Recall that a scatterplot is a graph used to explore a relationship between two variables. The two variables can be defined further as the independent and dependent variables.
Figure 13.1.1. Scatter Plot (Made in GeoGebra by Mark Beckwith)

Definition 13.1.2.

  • An independent variable explains the variation in the dependent variable
  • A dependent variable is explained by one or more independent variables
Correlation analysis provides a way to measure the strength and direction of the linear relationship between the two variables (the aforementioned independent and dependent variables).
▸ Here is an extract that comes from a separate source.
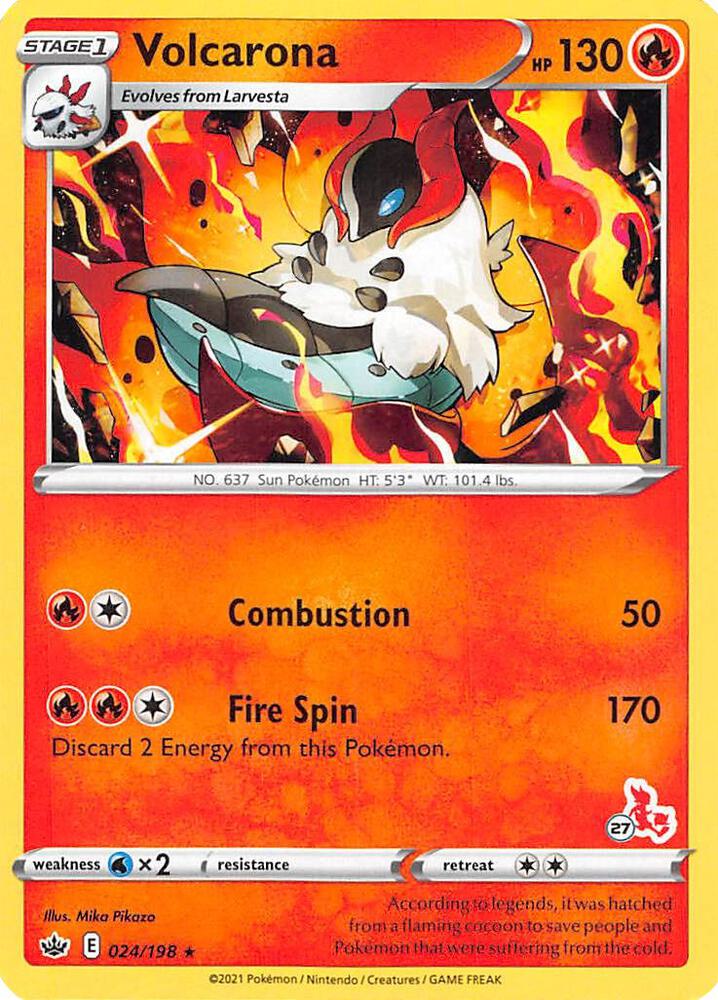 Volcarona - 024/198 (#27 Cinderace Stamped)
This is done by computing the sample correlation coefficient, \(r\text{.}\)

Exercise 13.1.3.

(a)

    The range of the correlation coefficient is ...
  • -1 to 1
  • 0 to 1
  • -1 to 0
  • 0 to 100

(b)

    A positive value of the correlation coeffficient indicates that as \(x\) increases, ...
  • \(y\) also increases.
  • \(y\) decreases.
  • \(y\) stays the same.

(c)

    A negative value of the correlation coeffficient indicates that as \(x\) increases, ...
  • \(y\) increases.
  • \(y\) decreases.
  • \(y\) stays the same.
Recall that we used the Excel formula, CORREL, to calculate this number in a previous chapter. Now we improve on that skill by learning how to use a hypothesis test to assess the strength of the linear relationship described by \(r\text{.}\)
The population correlation coefficient, \(\rho\text{,}\) refers to the correlation between all values of two variables in a population. A value of \(\rho=0\) means that there is no linear relationship between \(x\) and \(y\text{.}\) We don’t know the value of \(\rho\) so we use the sample correlation coefficient to test whether we have enough evidence from the sample to conclude that there is a linear relationship between the variables in the population. The two hypotheses for this hypothesis test are:
\begin{gather*} H_0 : \rho\leq 0 \\ H_1 : \rho>0 \end{gather*}
The test statistic uses the Student’s \(t\)-distribution with formula:
\begin{equation*} t = \frac{r}{\sqrt{\frac{1-r^2}{n-2}}} \end{equation*}
Degrees of freedom here are: \(df=n-2 \text{.}\)

Exercise 13.1.4.

The housing market in the United States is generally affected by economic conditions and interest rates, but also by the time of the year. More people usually buy and sell homes in the spring summer months. We want to see if there is a strong correlation between new home listings and temperature. The Excel file below includes the number of new housing listings in Colorado, as well as temperature and precipitation at Denver International Airport (DEN). external/sheets/Colorado Housing Inventory and Weather Data.xlsx

(a)

Determine the sample correlation coefficient between the number of new listings and the precipitation.
Answer.
\(r\approx 0.2867\)

(b)

Determine the sample correlation coefficient between the number of new listings and the maximum temperature.
Answer.
\(r\approx 0.6864\)

(c)

Using \(\alpha=0.02\text{,}\) test if the population correlation coefficient between the number of new listings and the maximum temperature is different from zero. What conclusions can you draw?
Answer.
We reject the null hypothesis and can conclude that the population correlation coefficient between the number of new listings and the maximum temperature is different from zero, and there is a linear relationship between these two variables.